A: The main challenges Sticky has faced have not been because of his blindness or because he is a tripod but actually because of the seizures he has. Sticky has a seizure almost every month. We are unsure of the cause of his seizures,
but it does look like something he is going to live with for his entire life. Because of his seizures, he has missed out on being in many adoption events (such as being able to be put up for adoption at the cat cafe), and it has been much harder to find an adopter.
MAF: What do you wish more people knew about special needs cats?
A: I wish more people knew that special needs cats are just like any other cats. I wish people wouldn’t see special needs cats as a disability but would rather see them as any other animal looking for a forever home.
Many people only see Sticky as the disabilities he has rather than his silly, sweet personality.
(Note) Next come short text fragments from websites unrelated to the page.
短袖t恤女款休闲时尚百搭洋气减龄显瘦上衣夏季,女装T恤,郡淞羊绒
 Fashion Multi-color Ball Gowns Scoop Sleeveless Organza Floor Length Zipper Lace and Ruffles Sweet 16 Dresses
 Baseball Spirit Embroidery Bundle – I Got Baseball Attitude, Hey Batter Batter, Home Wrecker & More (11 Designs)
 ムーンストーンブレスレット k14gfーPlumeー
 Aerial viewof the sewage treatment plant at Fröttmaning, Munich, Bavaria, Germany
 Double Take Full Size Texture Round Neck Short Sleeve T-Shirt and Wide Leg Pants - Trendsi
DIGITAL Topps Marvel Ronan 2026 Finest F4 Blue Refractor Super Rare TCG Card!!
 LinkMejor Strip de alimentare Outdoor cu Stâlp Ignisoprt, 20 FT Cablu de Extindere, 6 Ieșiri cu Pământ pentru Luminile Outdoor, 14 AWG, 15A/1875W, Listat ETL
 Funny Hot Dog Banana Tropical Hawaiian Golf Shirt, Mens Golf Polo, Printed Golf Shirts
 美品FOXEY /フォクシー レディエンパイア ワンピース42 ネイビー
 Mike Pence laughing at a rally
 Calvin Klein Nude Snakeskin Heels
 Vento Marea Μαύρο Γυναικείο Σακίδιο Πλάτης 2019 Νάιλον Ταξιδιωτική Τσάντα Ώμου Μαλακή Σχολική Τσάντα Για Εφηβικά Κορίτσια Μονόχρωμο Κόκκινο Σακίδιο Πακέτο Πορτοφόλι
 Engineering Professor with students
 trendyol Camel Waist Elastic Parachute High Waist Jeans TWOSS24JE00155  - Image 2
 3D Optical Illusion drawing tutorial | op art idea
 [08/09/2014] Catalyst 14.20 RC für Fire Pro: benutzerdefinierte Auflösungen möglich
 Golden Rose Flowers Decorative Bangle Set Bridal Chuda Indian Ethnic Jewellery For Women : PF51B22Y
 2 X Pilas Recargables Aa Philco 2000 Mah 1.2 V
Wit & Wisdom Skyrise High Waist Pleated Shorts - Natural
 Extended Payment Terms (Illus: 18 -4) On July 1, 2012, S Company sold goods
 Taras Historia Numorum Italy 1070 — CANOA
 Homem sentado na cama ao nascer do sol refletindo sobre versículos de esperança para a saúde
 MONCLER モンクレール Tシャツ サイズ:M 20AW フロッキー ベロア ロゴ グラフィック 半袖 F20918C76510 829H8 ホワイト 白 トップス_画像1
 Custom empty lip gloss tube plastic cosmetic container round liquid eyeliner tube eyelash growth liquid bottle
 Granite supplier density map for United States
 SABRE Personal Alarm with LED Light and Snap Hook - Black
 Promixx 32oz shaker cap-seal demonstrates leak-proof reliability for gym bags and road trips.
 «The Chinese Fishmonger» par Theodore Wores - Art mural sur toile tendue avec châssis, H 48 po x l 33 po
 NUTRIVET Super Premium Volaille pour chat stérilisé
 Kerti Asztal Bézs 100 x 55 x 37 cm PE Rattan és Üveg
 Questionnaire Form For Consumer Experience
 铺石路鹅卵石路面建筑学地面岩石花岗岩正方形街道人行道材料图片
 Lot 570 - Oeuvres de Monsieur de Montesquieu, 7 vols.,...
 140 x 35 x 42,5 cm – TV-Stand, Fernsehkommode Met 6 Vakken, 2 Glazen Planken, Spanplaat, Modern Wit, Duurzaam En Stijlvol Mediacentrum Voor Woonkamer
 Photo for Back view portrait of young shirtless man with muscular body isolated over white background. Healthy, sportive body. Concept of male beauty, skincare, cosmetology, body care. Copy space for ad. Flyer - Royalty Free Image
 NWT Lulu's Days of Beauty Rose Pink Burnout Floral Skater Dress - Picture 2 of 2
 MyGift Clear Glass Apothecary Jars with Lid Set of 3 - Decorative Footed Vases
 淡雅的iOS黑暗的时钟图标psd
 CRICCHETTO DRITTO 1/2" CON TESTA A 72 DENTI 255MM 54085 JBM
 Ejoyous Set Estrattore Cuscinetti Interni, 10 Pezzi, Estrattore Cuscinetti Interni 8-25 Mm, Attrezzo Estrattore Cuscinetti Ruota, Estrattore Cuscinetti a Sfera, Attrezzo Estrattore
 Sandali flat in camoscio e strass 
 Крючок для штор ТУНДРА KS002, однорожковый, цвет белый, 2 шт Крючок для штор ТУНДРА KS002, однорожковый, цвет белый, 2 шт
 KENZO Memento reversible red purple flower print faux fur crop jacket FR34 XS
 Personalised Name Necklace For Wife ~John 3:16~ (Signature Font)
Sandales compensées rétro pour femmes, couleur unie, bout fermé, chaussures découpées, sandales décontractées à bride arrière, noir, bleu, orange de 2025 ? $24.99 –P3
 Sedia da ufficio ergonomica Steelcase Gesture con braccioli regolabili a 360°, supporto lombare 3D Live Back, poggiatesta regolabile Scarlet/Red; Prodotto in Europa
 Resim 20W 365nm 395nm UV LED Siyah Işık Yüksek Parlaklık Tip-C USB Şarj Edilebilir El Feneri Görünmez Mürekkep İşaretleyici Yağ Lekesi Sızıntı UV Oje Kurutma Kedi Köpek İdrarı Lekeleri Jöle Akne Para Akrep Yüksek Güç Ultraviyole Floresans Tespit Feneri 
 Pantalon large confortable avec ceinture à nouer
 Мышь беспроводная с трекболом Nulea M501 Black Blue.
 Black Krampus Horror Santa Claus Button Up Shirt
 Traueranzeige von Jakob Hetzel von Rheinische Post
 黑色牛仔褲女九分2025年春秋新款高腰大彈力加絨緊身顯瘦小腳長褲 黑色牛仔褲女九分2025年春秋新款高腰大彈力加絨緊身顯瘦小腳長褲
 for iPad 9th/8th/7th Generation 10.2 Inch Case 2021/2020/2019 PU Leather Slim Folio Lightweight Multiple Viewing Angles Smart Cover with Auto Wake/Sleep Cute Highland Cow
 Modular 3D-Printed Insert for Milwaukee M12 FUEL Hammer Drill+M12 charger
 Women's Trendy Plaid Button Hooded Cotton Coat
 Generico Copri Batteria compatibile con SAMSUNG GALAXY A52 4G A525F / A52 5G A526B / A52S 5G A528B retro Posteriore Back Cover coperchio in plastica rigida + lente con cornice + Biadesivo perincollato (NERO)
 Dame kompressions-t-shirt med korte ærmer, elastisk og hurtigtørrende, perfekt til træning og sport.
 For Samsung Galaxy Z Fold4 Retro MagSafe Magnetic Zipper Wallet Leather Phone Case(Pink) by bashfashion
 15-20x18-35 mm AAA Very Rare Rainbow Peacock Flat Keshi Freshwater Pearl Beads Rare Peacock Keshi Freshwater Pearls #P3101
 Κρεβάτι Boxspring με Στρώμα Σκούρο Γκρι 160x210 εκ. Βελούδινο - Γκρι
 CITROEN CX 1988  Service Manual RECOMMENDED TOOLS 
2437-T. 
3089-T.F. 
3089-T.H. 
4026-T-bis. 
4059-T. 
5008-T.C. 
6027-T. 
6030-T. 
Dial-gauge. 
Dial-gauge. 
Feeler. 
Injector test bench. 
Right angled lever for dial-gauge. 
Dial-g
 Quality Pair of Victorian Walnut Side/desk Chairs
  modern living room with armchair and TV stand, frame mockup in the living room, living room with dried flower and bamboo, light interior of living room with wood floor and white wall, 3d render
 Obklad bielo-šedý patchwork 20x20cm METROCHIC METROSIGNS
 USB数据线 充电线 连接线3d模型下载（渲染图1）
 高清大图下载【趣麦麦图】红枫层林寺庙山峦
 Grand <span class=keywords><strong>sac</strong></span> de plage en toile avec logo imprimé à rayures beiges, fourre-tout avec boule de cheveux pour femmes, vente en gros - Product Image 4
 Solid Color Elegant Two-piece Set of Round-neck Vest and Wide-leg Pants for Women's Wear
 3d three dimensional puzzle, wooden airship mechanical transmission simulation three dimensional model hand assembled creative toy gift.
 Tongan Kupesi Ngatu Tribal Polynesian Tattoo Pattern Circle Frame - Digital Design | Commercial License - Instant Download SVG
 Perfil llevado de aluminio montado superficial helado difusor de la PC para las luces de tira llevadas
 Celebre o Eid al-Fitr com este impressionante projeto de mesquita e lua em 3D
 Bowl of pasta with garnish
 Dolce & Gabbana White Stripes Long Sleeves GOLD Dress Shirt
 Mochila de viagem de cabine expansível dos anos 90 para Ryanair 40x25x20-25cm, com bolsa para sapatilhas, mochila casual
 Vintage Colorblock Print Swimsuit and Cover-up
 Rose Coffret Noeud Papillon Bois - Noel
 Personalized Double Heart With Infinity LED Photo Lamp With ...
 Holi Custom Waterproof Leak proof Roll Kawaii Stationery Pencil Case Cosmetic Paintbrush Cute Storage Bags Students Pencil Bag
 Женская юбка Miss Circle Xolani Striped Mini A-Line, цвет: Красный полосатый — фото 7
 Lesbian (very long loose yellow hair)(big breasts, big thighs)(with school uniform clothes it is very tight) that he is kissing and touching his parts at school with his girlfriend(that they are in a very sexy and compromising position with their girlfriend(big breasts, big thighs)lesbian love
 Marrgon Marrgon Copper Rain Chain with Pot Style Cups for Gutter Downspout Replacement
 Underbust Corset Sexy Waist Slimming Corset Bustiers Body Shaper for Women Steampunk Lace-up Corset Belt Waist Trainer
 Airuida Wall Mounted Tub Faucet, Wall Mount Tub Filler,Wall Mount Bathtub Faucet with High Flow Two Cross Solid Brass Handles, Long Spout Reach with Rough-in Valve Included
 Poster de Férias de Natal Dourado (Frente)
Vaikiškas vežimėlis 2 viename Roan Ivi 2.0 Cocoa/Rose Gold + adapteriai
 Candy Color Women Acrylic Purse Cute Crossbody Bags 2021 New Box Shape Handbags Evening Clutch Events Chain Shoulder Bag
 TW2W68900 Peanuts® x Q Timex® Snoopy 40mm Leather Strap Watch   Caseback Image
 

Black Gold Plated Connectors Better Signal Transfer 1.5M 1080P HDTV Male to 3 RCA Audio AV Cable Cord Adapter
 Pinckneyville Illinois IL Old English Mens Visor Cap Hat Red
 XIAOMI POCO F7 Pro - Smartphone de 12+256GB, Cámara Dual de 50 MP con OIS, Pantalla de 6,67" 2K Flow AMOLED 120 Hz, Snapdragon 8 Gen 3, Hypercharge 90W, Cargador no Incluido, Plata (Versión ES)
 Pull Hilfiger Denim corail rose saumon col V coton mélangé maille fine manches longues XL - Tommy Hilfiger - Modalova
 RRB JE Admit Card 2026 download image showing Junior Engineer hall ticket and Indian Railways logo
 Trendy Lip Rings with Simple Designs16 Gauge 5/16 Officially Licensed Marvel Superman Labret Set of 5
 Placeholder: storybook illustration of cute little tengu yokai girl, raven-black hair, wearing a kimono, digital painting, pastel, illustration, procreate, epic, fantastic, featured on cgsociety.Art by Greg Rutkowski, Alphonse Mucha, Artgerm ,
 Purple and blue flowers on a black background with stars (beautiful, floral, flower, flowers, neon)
An example of this is when I was processing adoption applications,
the main reason people said they wanted to adopt him was because they have always wanted a special needs cat. This frustrated me because they should want him because of his personality, not his disability.
MAF: What are some of Sticky’s favorite activities?
A: Sticky’s favorite thing to do is play with Nerf darts. No matter how many cat toys we give him, he will always go back to playing with the Nerf darts.
He also loves cat treats! I like to “paint” with him by putting a canvas with some paint on it in a Ziploc bag, then putting the Churru treats on the outside of the bag and let him lick it. He ends up moving the paint around, and all his paintings come out adorable.
MAF: Please describe his ideal adopter.
A: His ideal adopter would have experience with either blind, three-legged cats or cats with a history of seizures. He would need an adopter who is able to commit to providing him with the medical care her needs. He would preferably be in a home with no more than two other cats as he needs a lot of attention. He would do best in a quiet home. He can be adopted by anyone in the United States as long as they are able to come to Miami to finalize the adoption application.
MAF: What does he mean to you?
A: Sticky means a lot to me. I have had him for six months which is the longest I have ever had a foster kitten. He has taught me so much about blind cats and three-legged cats.
During his life, there have been multiple times when we had to consider euthanizing him, and going through that with him was extremely hard and brought us together. Sticky has inspired me to foster medical foster pets.